▶ AIM OF THE EXERCISE
Every line from the one containing "SOUR PATCH KIDS" through the end of the listing below must be given again exactly, and nothing else; exclude pictures.

──────── AVAILABLE RECORDS

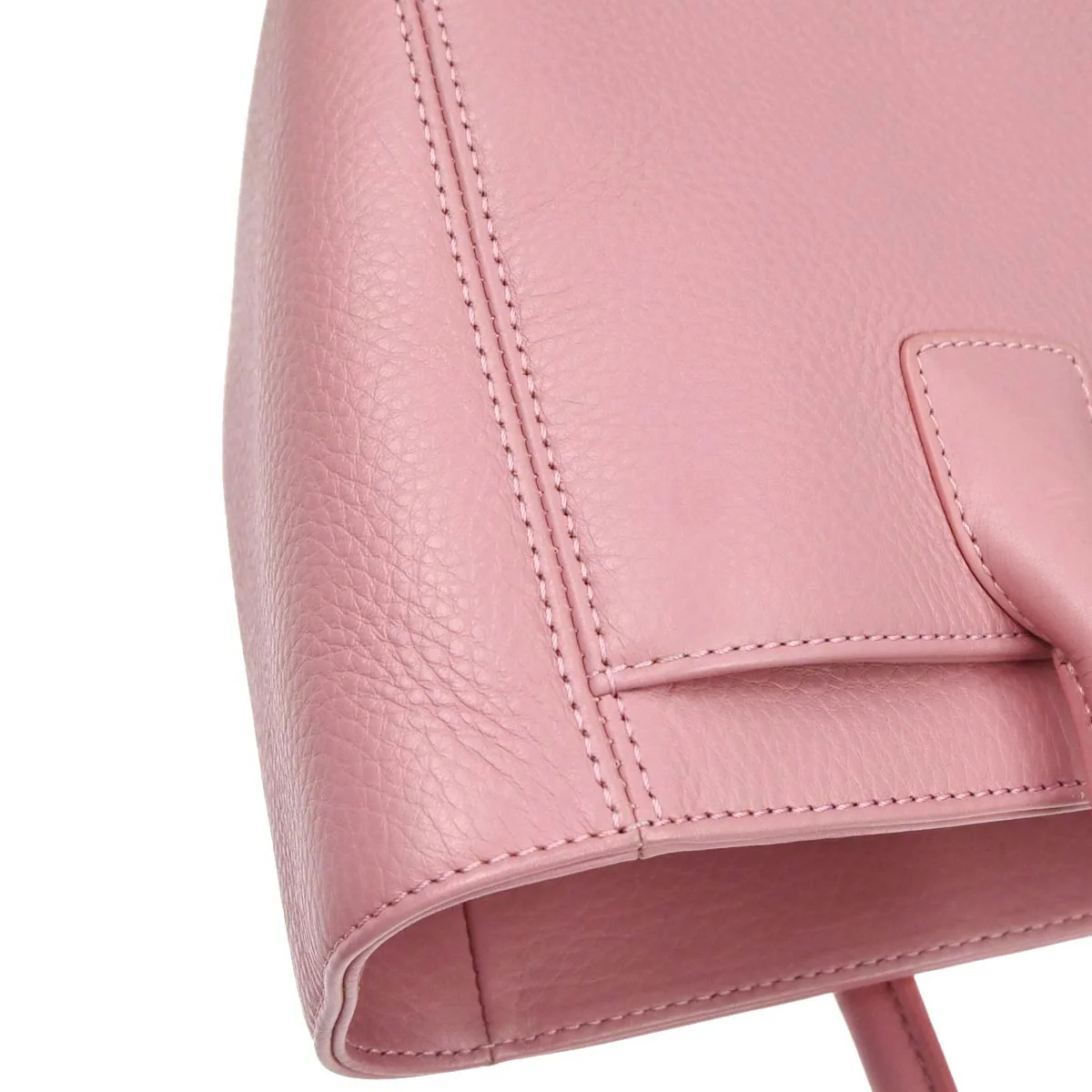 Chanel 2014-2015 Pink Deerskin Executive Cerf Tote Bag - Image 3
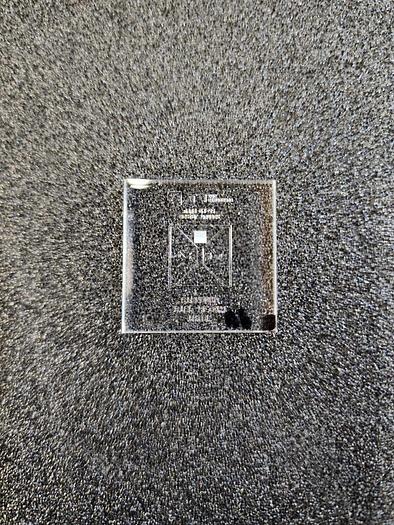 Used VLSI SHS-24.0 Q STEP HEIGHT INTO QUARTZ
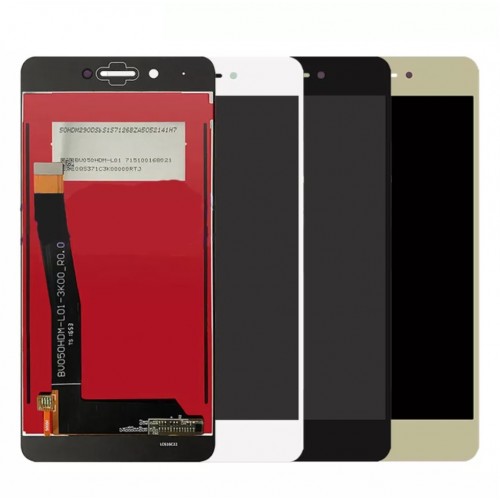 LCD Ekraan Ühildub Huawei Honor 6C / P9 Lite Smart Valge HQ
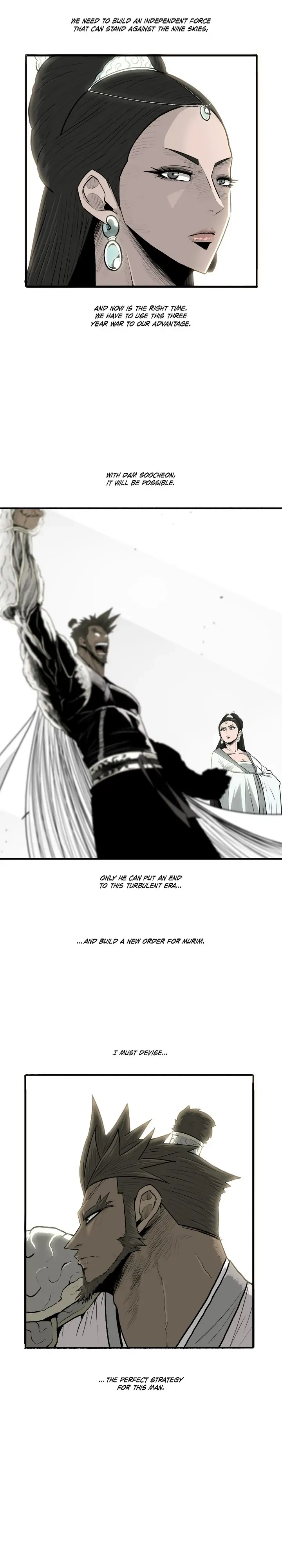 The Legend of the Northern Blade Chapter 153, page 9 of 30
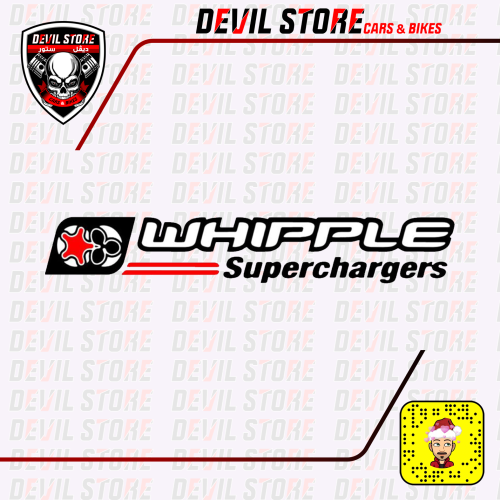 استكر WHIPPLE SUPERCHARGERS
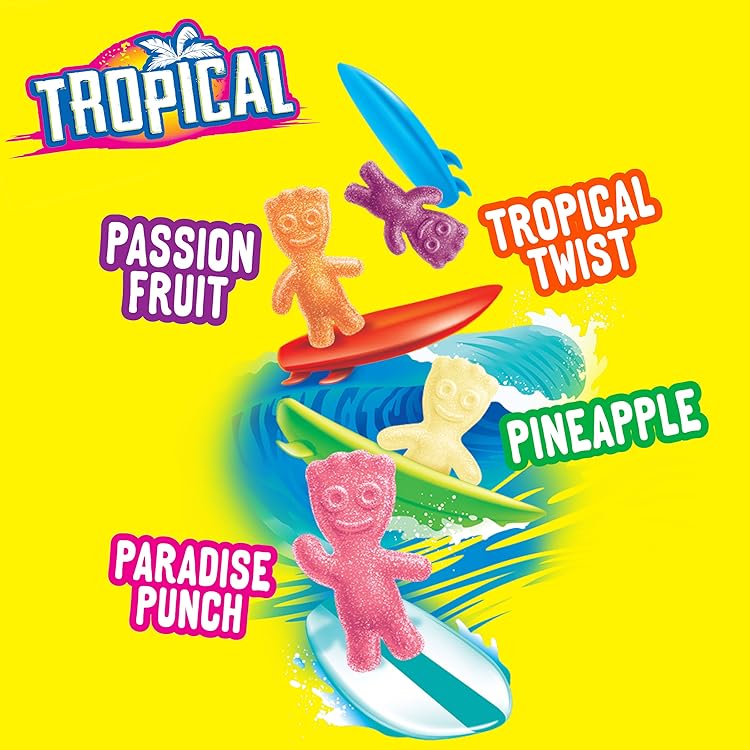 SOUR PATCH KIDS | First They’re Sour, Then They’re Sweet – Iconic Mischievous Gummy Since 1985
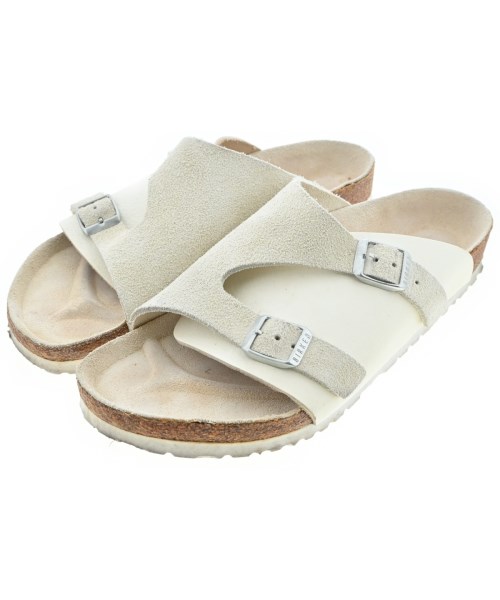 BIRKENSTOCK(ビルケンシュトック)サンダル 白 サイズ:26cm/2200684628011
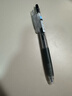百乐（PILOT）【热门商品】P500金标黑色中性笔0.5签字笔商务水笔直液式走珠笔学生考试刷题黑笔高颜值文具 1支 实拍图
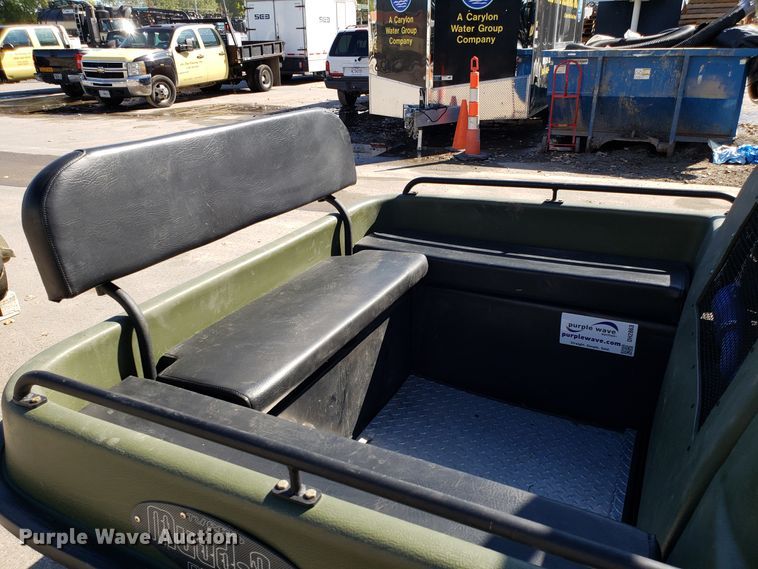 image for item DH2863 2017 Mudd Ox 8X8XL amphibious vehicle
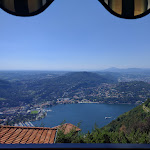 Photo n°1 de l'avis de Corrie.p fait le 24/08/2016 à 13:33 sur le  Trattoria Dei Bracconieri Brunate à Brunate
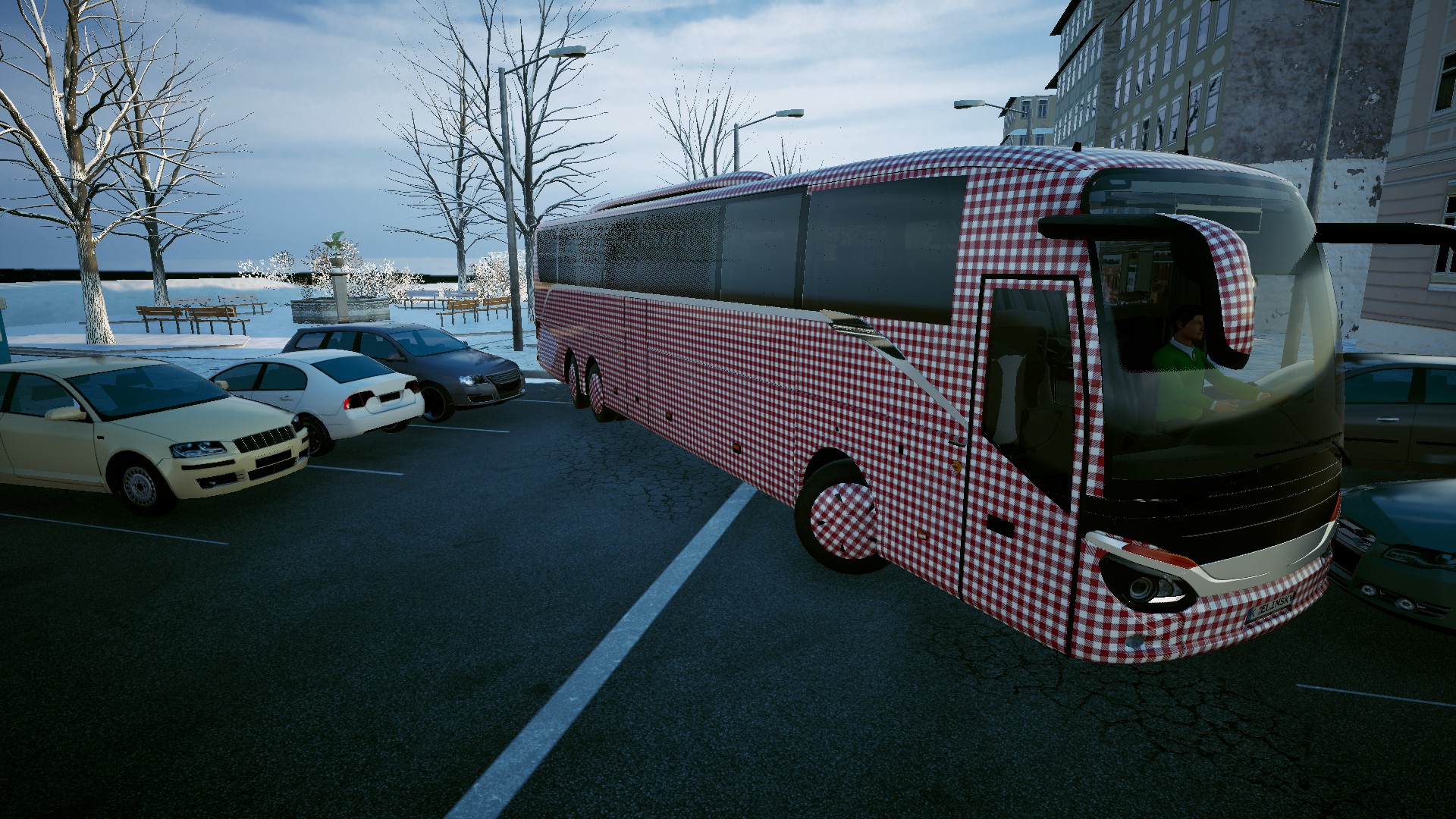 Stoff bus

────────────────

▶ RESULT
 SOUR PATCH KIDS | First They’re Sour, Then They’re Sweet – Iconic Mischievous Gummy Since 1985
 BIRKENSTOCK(ビルケンシュトック)サンダル 白 サイズ:26cm/2200684628011
百乐（PILOT）【热门商品】P500金标黑色中性笔0.5签字笔商务水笔直液式走珠笔学生考试刷题黑笔高颜值文具 1支 实拍图
 image for item DH2863 2017 Mudd Ox 8X8XL amphibious vehicle
 Photo n°1 de l'avis de Corrie.p fait le 24/08/2016 à 13:33 sur le  Trattoria Dei Bracconieri Brunate à Brunate
 Stoff bus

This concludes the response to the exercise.